Time: Column:Python views:246

Extracting URLs from a Given String Using Regular Expressions

In this section, we will use a regular expression to extract URLs from a string.

Example:

import re 

def Find(string): 
    # findall() finds all substrings where the regex pattern matches
    url = re.findall('https?://(?:[-\\w.]|(?:%[\\da-fA-F]{2}))+', string)
    return url 

# Given string containing URLs
string = 'The URL of RMeve is: https://www.pmeve.com, and the URL of Google is: https://www.google.com'
print("URLs: ", Find(string))

Explanation:

  • https?://: Matches 'http' or 'https'.

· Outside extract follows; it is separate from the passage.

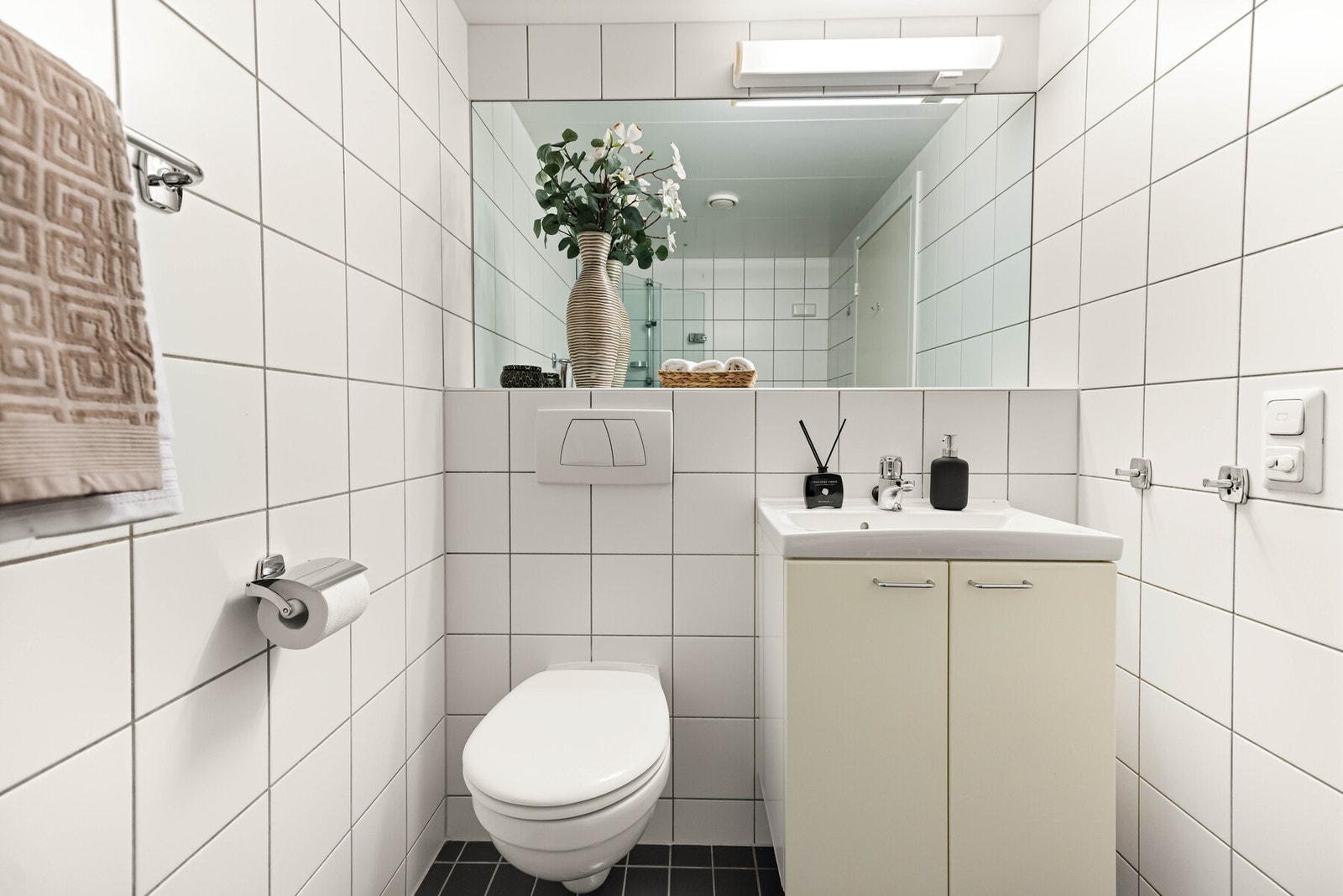 Badet er stilrent innredet med delikate fliser på både gulv og vegger. Galleribilde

  • (?:[-\\w.]|(?:%[\\da-fA-F]{2})): Matches URL-safe characters such as alphanumeric characters, hyphens, periods, or URL-encoded characters like %20.

Output:

URLs:  ['https://www.pmeve.com', 'https://www.google.com']

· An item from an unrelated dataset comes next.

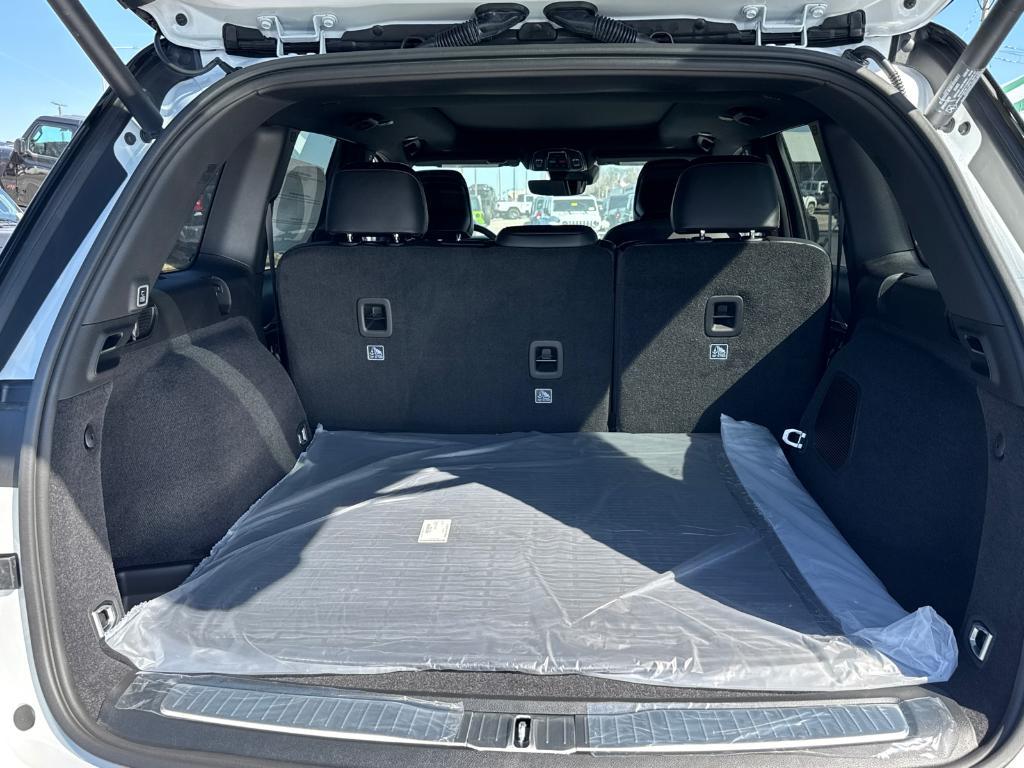 new 2025 Jeep Grand Cherokee car, priced at $54,988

This code successfully extracts both URLs from the string.


Explanation of Non-capturing Group (?:x)

(?:x) is a non-capturing group. It matches the expression x but does not store the match for later use. This is useful for grouping parts of a regular expression without affecting back-references or capturing sub-patterns.

For example, in /foo{1,2}/, the {1,2} applies only to the last character o. However, in /(?:foo){1,2}/, the {1,2} applies to the entire word "foo".